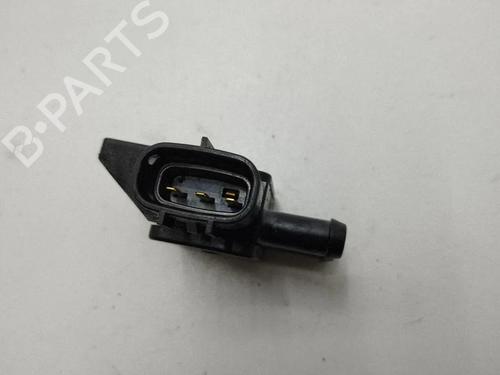 Electronic sensor HYUNDAI i30 Coupe 1.6 CRDi | BP38248880M84 - Image 3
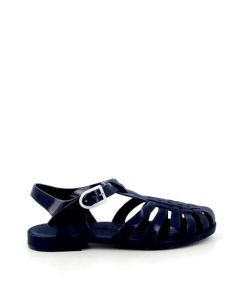 Cocososa.shop42eda64341 1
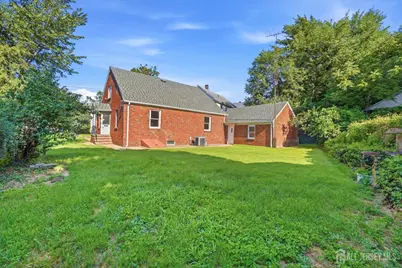 3 Dix Street, New Brunswick, NJ 08901 - Photo 23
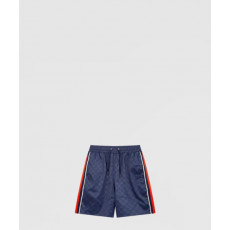 구찌 캐주얼 반바지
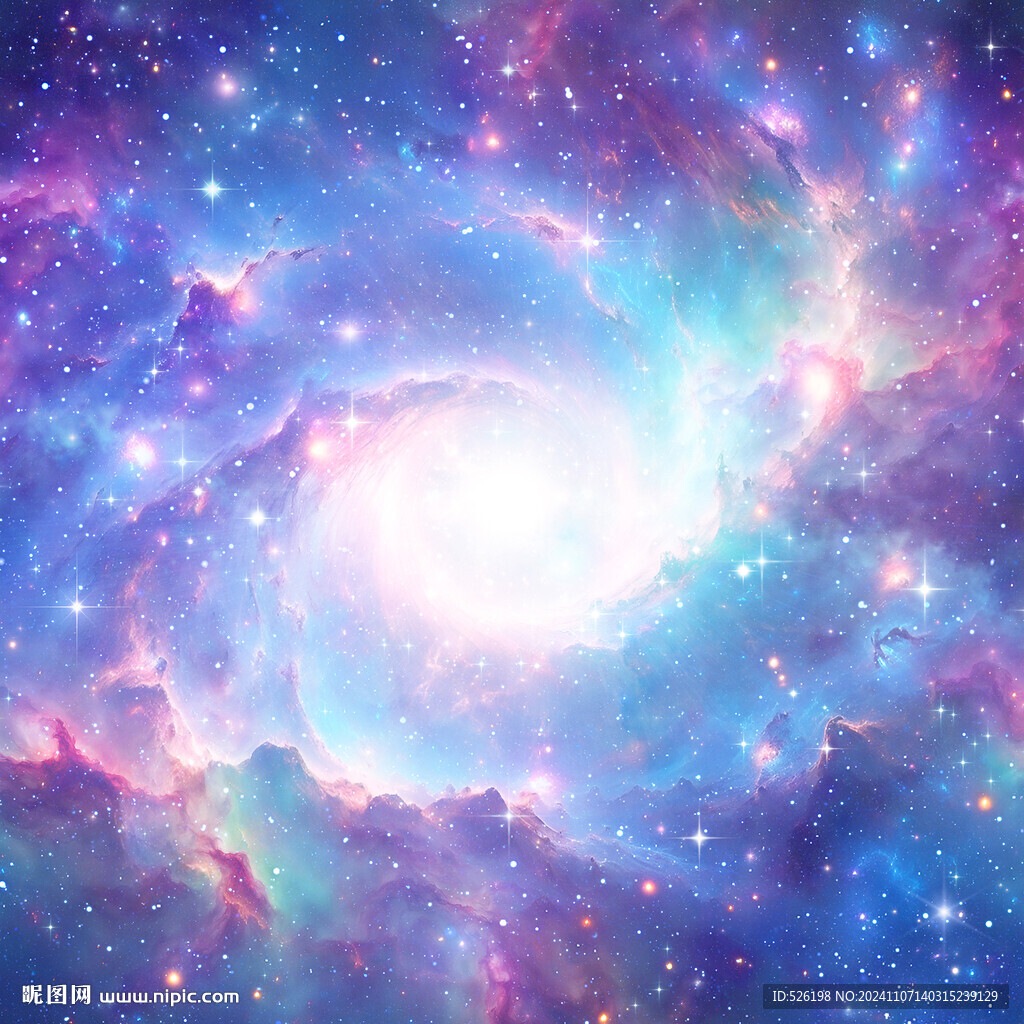 星空吊顶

┄┄┄┄┄┄┄┄┄┄┄┄┄┄┄┄┄┄┄┄

Restate, word for word, each line from the one with "3 Dix Street, New" to the end of the entries, both included, and keep every picture out.

▶ [TASK RESULT]
 3 Dix Street, New Brunswick, NJ 08901 - Photo 23
 구찌 캐주얼 반바지
 星空吊顶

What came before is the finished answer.